2

I want to to a violin plot of binned data but at the same time be able to plot a model prediction and visualize how well the model describes the main part of the individual data distributions. My problem here is, I guess, that the x-axis after the violin plot does not behave like a regular axis with numbers, but more like string-values that just accidentally happen to be numbers. Maybe not a good description, but in the example I would like to have a "normal" plot a function, e.g. f(x) = 2*x**2, and at x=1, x=5.2, x=18.3 and x=27 I would like to have the violin in the background.

import matplotlib.pyplot as plt
import numpy as np
import seaborn as sns

np.random.seed(10)
collectn_1 = np.random.normal(1, 2, 200)
collectn_2 = np.random.normal(802, 30, 200)
collectn_3 = np.random.normal(90, 20, 200)
collectn_4 = np.random.normal(70, 25, 200)

ys = [collectn_1, collectn_2, collectn_3, collectn_4]
xs = [1, 5.2, 18.3, 27]

sns.violinplot(x=xs, y=ys)

xx = np.arange(0, 30, 10)
plt.plot(xx, 2*xx**2)

plt.show()

Somehow this code actually does not plot violins but only bars, this is only a problem in this example and not in the original code though.
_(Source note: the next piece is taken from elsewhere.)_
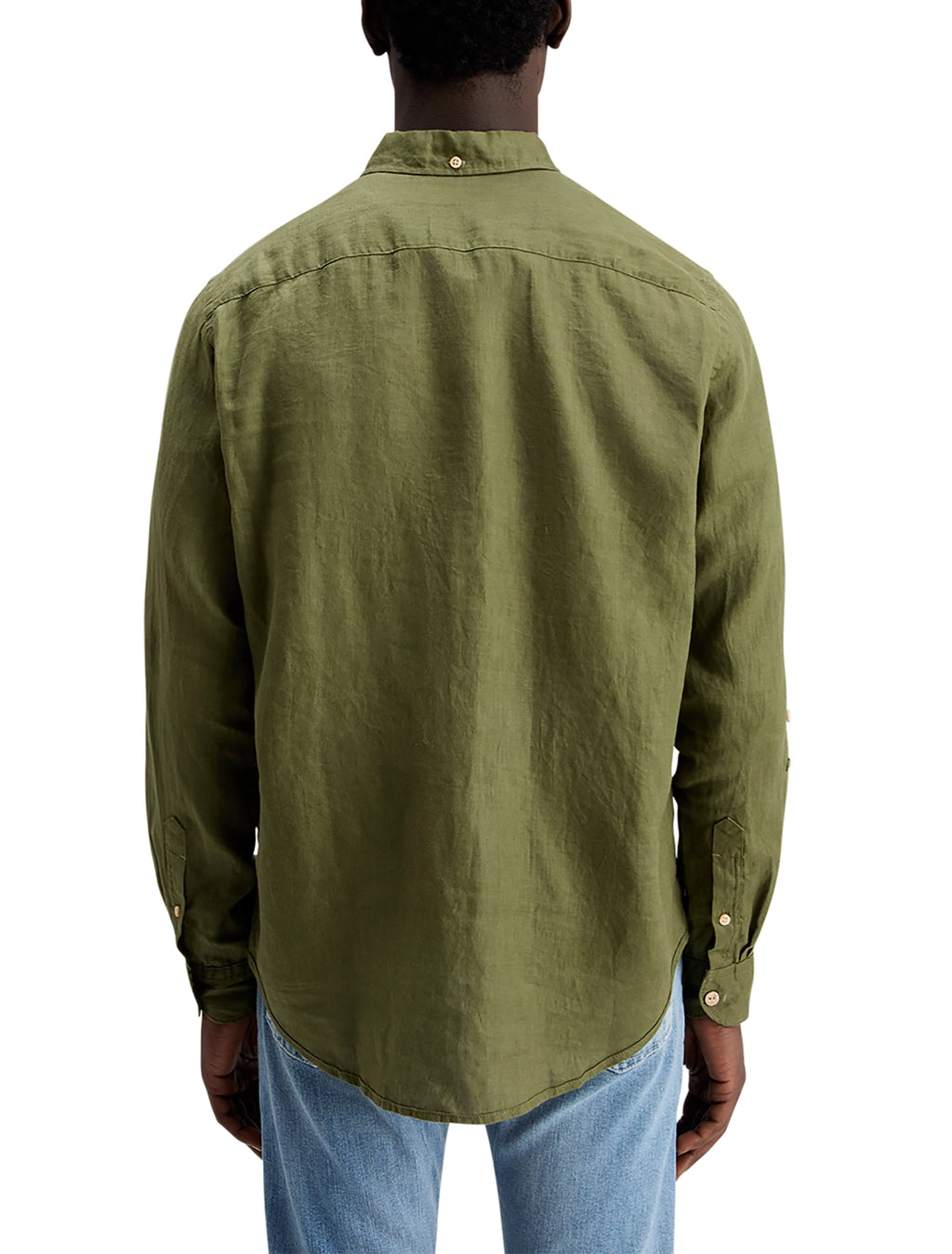 SCOTCH & SODA LINEN L/S ROLL-UP SHIRT 177150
In my real code I want to have different "half-violins" on both sides, therefore I use sns.violinplot(x="..", y="..", hue="..", data=.., split=True).

Fuegon
  • 81
  • 1
  • 7
  • When trying to run your code with Seaborn 0.11, `violinplot` didn't seem to accept the format of `ys`. It expects `'long'` format, so with `ys = np.concatenate([collectn_1, collectn_2, collectn_3, collectn_4]); xs = np.repeat([1, 5.2, 18.3, 27], [len(collectn_1), len(collectn_2), len(collectn_3), len(collectn_4)])` it works. The weird scaling comes from the `scale=` parameter which defaults to `'area'` and scales the width of the 3 last violins to make their area equal to the first violin (which is very short). Setting `scale='width'` gives more standard-looking violins. – JohanC Nov 24 '20 at 22:06
  • Thanks, the behaviour really depends a lot on the used seaborn version. – Fuegon Nov 25 '20 at 10:30

1 Answers1

2

I think that would be hard to do with seaborn because it does not provide an easy way to manipulate the artists that it creates, particularly if there are other things plotted on the same Axes. Matplotlib's violinplot allows setting the position of the violins, but does not provide an option for plotting only half violins. Therefore, I would suggest using statsmodels.graphics.boxplots.violinplot, which does both.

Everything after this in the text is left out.